Figure 1: Block architecture

Some traditional blockchains, such as Bitcoin, fix the size of each block so that each transaction can be processed on time without impacting the network’s latency. In Tezos, the size of a block is variable, which doesn’t necessarily mean storage inefficiency, as only a single binary value that results from hashing a block will be stored. Despite a block being bigger in size, the input needed for baking or reading a block is only 32 bytes, avoiding latency issues across the rest of the network.

Nodes

Each node will maintain a complete copy of the blocks baked in chronological order, in order to verify whether these transactions are indeed valid, i.e. the senders have sufficient credit to be spent and thus, avoid a potential double-spending. Each time a block is created (baked), it will be appended at the end of the chain and this state will be distributed across all the network.

By storing the blockchain state, any data stored in a blockchain becomes traceable, transparent, verifiable and tamper-proof. Furthermore, it also aids in preventing malicious nodes from modifying the state of the data stored in the network.

Contracts

Nick Szabo proposed a concept for the programmable pieces of code that automatically complete an action when certain criteria are met: smart contracts. Contracts in Tezos are used to execute an action that allow peers to transfer or check balances between them.

A smart contract stores the token value along a piece of storage. When deploying a contract in Tezos or any blockchain, a gas limit and the storage value of the contract are specified at origin. Since the data contained in a contract needs to be distributed on every node, the size is somewhat limited in order to avoid massive transactions affecting the whole network. The storage cost in Tezos is currently 0.001 XTZ per allocated exceeded byte.

At the initial deployment, fees are paid for storage along with transaction fees paid to bakers for validating a transaction. Reading the content of a contract is free when connected to the network’s RPC protocol. Please note that invoking a contract will incur transaction fees when modifying the state of the contract. Smart contracts can be interacted with in two main manners: a contract is read when it doesn’t modify the storage state, however, if more storage is needed for new changes, additional XTZ will need to be burnt.

Where is data stored?

Blockchain interacts with pieces of information stored as binary data and distributed across all connected devices that may be found inside the network. However, it also has to process information coming from outside of the network.
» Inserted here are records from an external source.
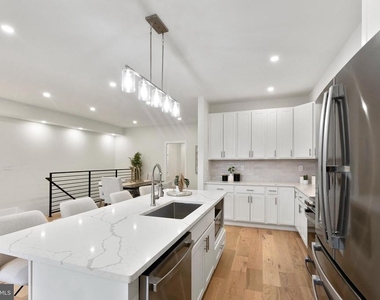 5404 4th Street Nw - Photo Thumbnail 14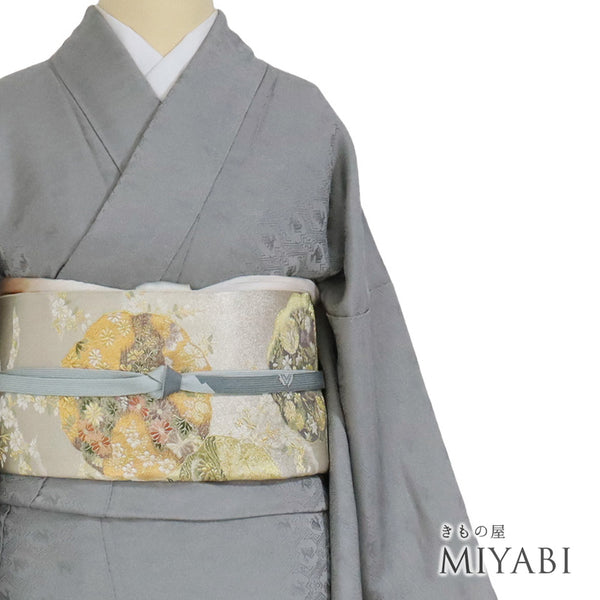 色無地 リサイクル 身丈159.5cm 裄64.8cm 袷 有栖川文様 グレー Mサイズ セミフォーマル お洒落 一つ紋 正絹 広衿 地紋あり Sランク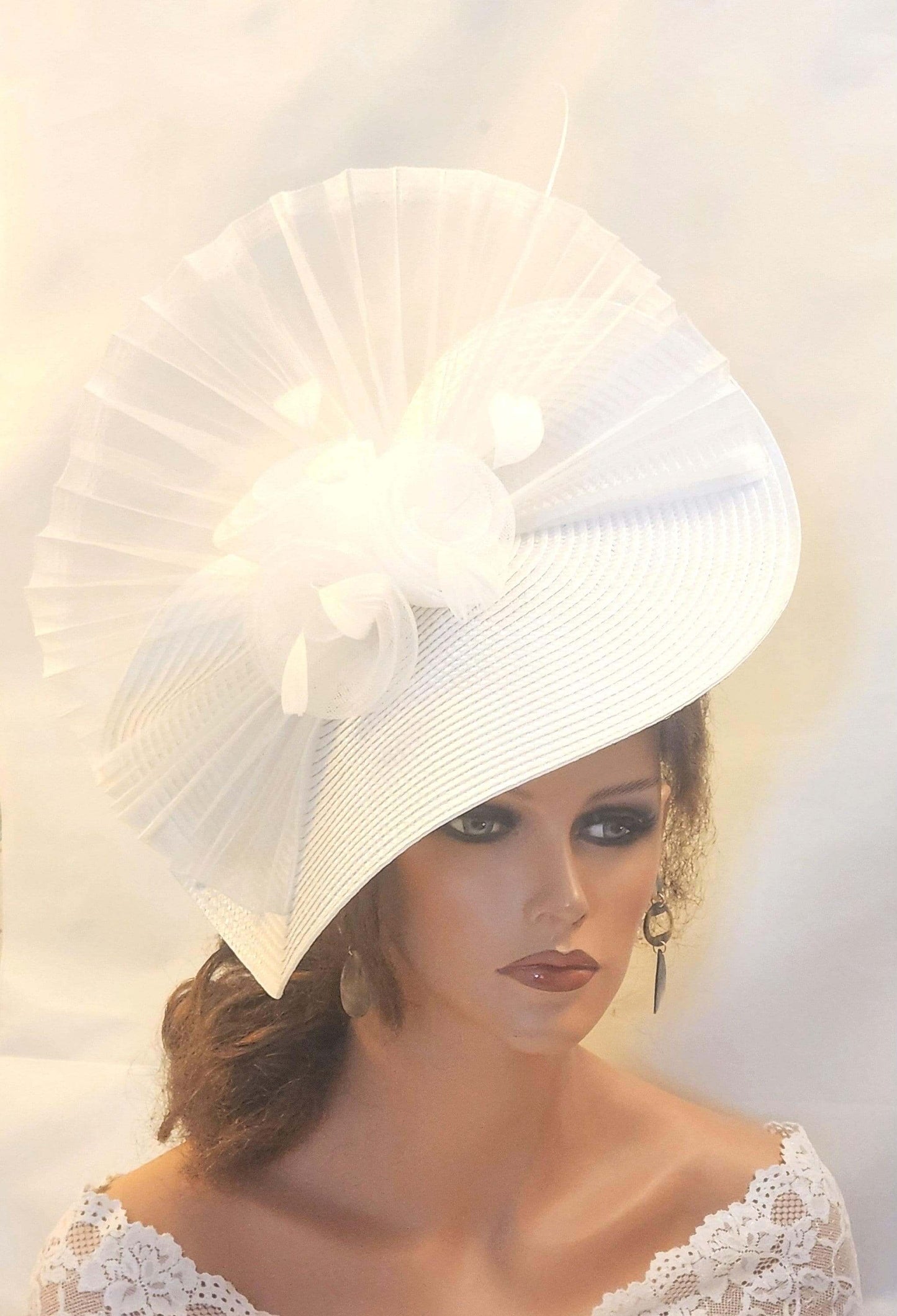 Fascinator bianco, avorio grande hatinator Quil feather Floral Church Derby Ascot Race Wedding Tea Party hat Hatinator per la madre della sposa/sposo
Depending where the data is stored, it is known as on-chain data or off-chain data.

How is data stored on-chain?

Storage in blockchain, like most of its characteristics, can defer from one network to another depending on the storage system, use cases and external processes among others.

As a result of baking (the block creation process in Tezos) a unique hash is created based on the exact data of a block or given an encryption key. The hash is added to both the ledger and the block metadata to link transactions. The network distributes the block to all connected nodes within the network and is placed inside their storages, although the content is still only accessible to the content owner. Finally, the storage system records all transaction details such as the block’s location and hash into the blockchain ledger and distributes information across all nodes.

Storing data on-chain comes with important drawbacks such as a fixed amount of data is limited by a protocol, significant costs related to transaction fees and extensive privacy measures.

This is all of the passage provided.